→ **INFORMATION SUPPLIED**
§ §
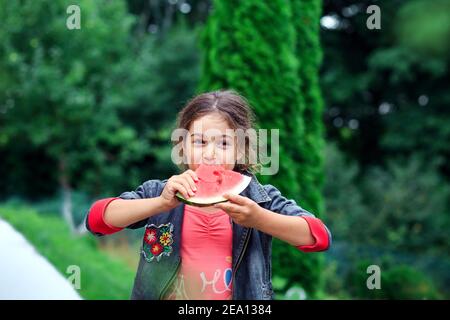 Piccola bella ragazza che mangia un succoso anguria in giardino. I bambini mangiano frutta all'aperto. Cibo sano per i bambini. Foto Stock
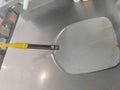 Pizza shovel made of metal top view Royalty Free Stock Photo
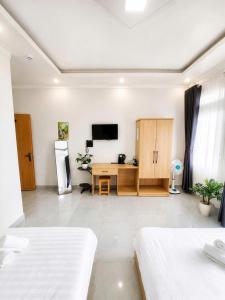 a room with two beds and a desk and a television at Thanh Nhã House in Da Lat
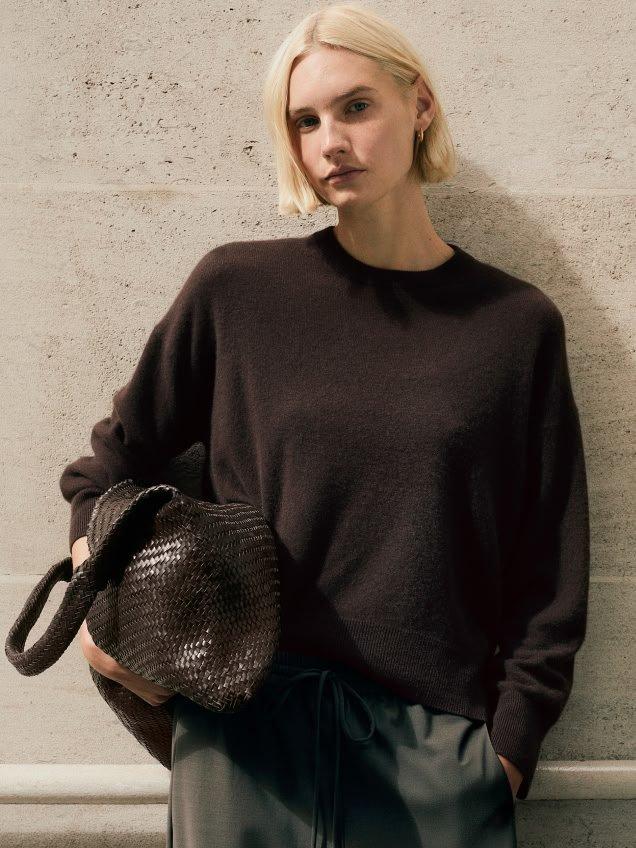 a woman in a sweater and pants leaning against a wall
§ §
Please repeat the lines above from the line containing "Pizza shovel made" through the final line, both included, exactly as they stand and without pictures.

→ **SOLUTION TO THE EXERCISE**
 Pizza shovel made of metal top view Royalty Free Stock Photo
 a room with two beds and a desk and a television at Thanh Nhã House in Da Lat
 a woman in a sweater and pants leaning against a wall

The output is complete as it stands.